A Multifunctional Janus Electrospinning Dressing with Sequential Drug‐releasing Property for Programmed Treatments of Chronic Infected Wounds

Abstract Wound dressings equipped with disinfection and wound tissue regeneration capabilities demonstrate significant potential in chronic wound management. However, current multifunctional dressings can rarely accommodate multiple repair processes accurately due to the time‐dependent variational wound microenvironment. Herein, a Janus wound dressing is developed based on electrospun nanofibrous scaffold featuring programmed drug release performance and asymmetrical wettability. Specifically, polyvinylidene fluoride (PVDF) nanofiber membrane as the outer layer to resist the external biofouling and provide essential mechanical support for the inner layer was firstly constructed.
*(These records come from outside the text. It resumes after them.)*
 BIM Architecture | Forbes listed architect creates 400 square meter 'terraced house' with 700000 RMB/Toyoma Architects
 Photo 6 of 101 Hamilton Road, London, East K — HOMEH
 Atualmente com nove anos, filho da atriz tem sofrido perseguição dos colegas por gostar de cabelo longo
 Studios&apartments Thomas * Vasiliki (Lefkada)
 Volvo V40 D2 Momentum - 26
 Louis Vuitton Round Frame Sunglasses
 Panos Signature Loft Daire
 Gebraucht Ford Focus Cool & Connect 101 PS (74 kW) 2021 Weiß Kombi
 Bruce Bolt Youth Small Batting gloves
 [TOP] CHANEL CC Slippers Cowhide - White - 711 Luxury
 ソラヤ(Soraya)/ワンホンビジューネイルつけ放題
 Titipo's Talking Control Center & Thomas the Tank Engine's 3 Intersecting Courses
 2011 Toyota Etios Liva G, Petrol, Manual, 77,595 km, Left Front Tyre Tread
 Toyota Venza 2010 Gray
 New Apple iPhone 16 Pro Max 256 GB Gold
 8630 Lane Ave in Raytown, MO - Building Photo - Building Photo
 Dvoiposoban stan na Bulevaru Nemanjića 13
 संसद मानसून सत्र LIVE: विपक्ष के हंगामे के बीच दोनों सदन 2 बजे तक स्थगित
Subsequently, the inner layer composed of polyvinyl pyrrolidone (PVP) and polylactic acid (PLA) fibers which are separately loaded with bacterial‐targeted nanoparticles (VHA NPs) and composite particle of zeolite imidazolate frameworks‐8 containing deferoxamine (ZD NPs) is fabricated on the PVDF membrane. Experimental results demonstrated that the degradation rate of the inner layer could be precisely controlled to sequentially deliver the loaded drugs into the wound site. Taking advantages of the synergistic therapeutic effects including significant antibacterial activity, admired antioxidant property and remarkable angiogenesis performances, the fabricated Janus dressing (PF/PHPD) achieves superior performance for promoting infected wound healing in a full‐thickness skin wound model, much better than that of conventional bandage and clinical antibiotic treated wound.